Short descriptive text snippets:
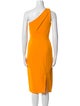 Narciso Rodriguez One-Shoulder Midi Length Dress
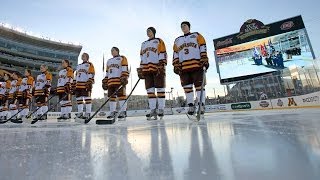 preview picture of video 'Gopher Women's Hockey: 2014 Hockey City Classic Feature'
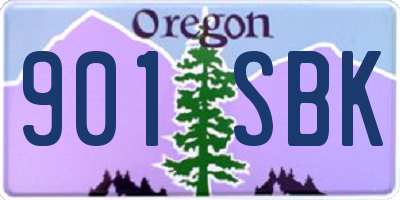 OR license plate 901SBK
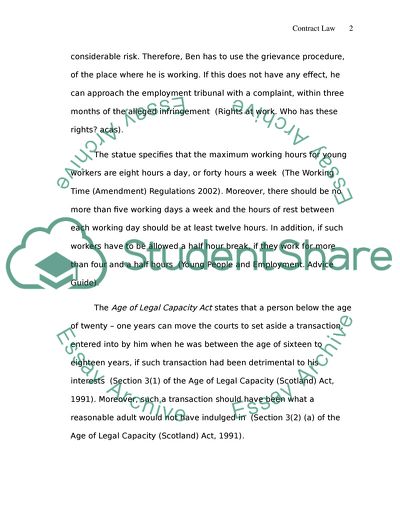 Legal Aspects of Commercial Contracts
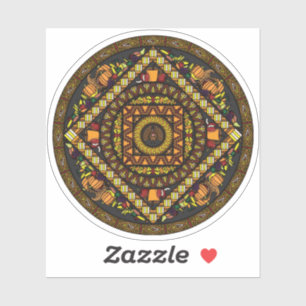 Thanksgiving Icons Contour Sticker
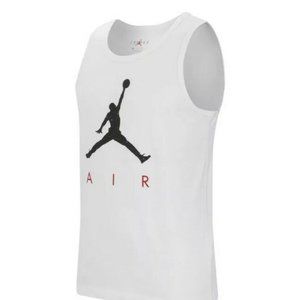 Nike Air Jordan White Tank Top Standard Fit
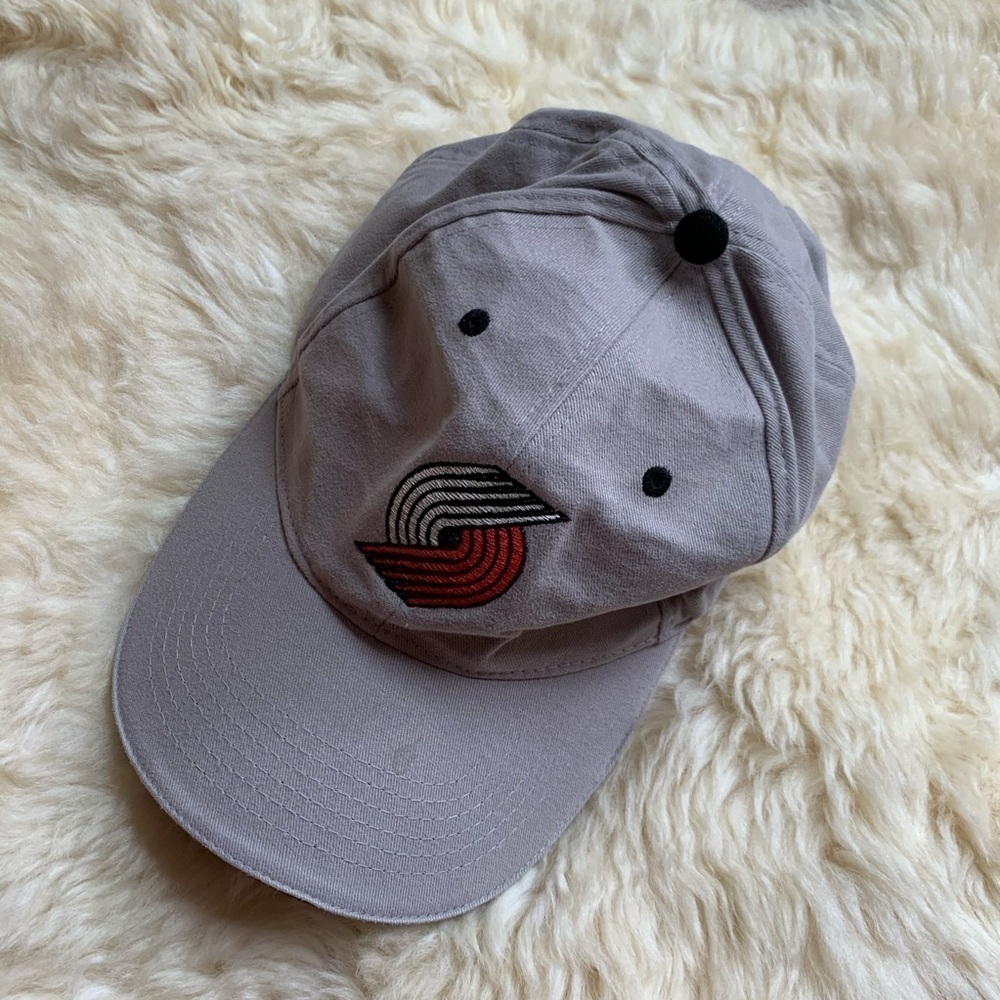 Trail Blazers Basketball Gray Cotton Opening Hat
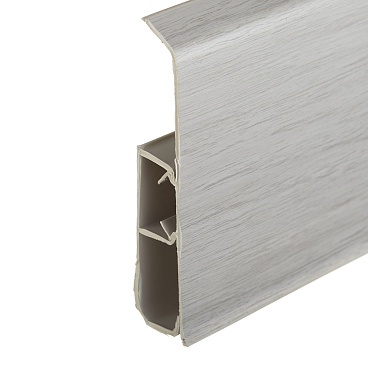 Плинтус ПВХ напольный Wimar Quadro 100 мм аустер 2200 мм Г-профиль со съемной панелью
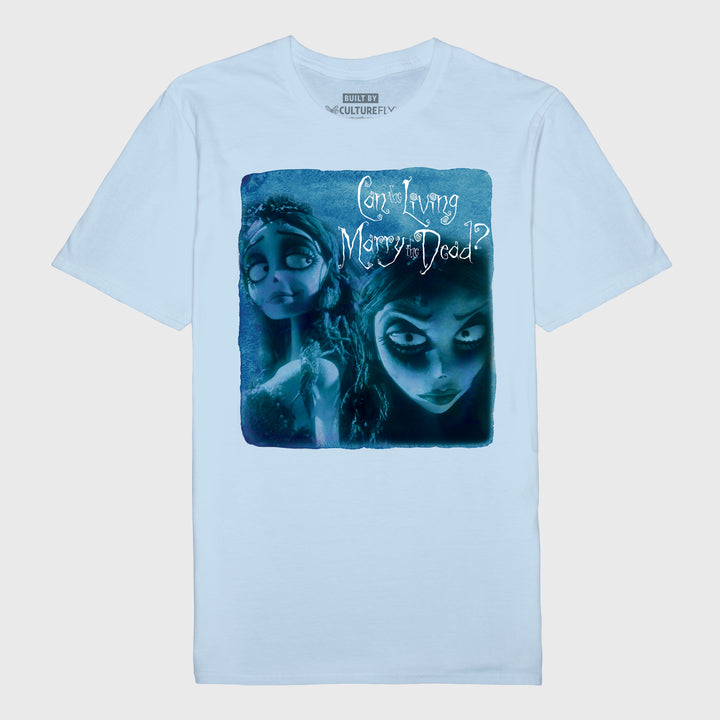 tim burton's corpse bride light blue emily tshirt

Task item »
Could you reproduce every record above exactly, leaving out the pictures?

Answer to the exercise »
 Narciso Rodriguez One-Shoulder Midi Length Dress
 preview picture of video 'Gopher Women's Hockey: 2014 Hockey City Classic Feature'
 OR license plate 901SBK
 Legal Aspects of Commercial Contracts
 Thanksgiving Icons Contour Sticker
 Nike Air Jordan White Tank Top Standard Fit
 Trail Blazers Basketball Gray Cotton Opening Hat
 Плинтус ПВХ напольный Wimar Quadro 100 мм аустер 2200 мм Г-профиль со съемной панелью
 tim burton's corpse bride light blue emily tshirt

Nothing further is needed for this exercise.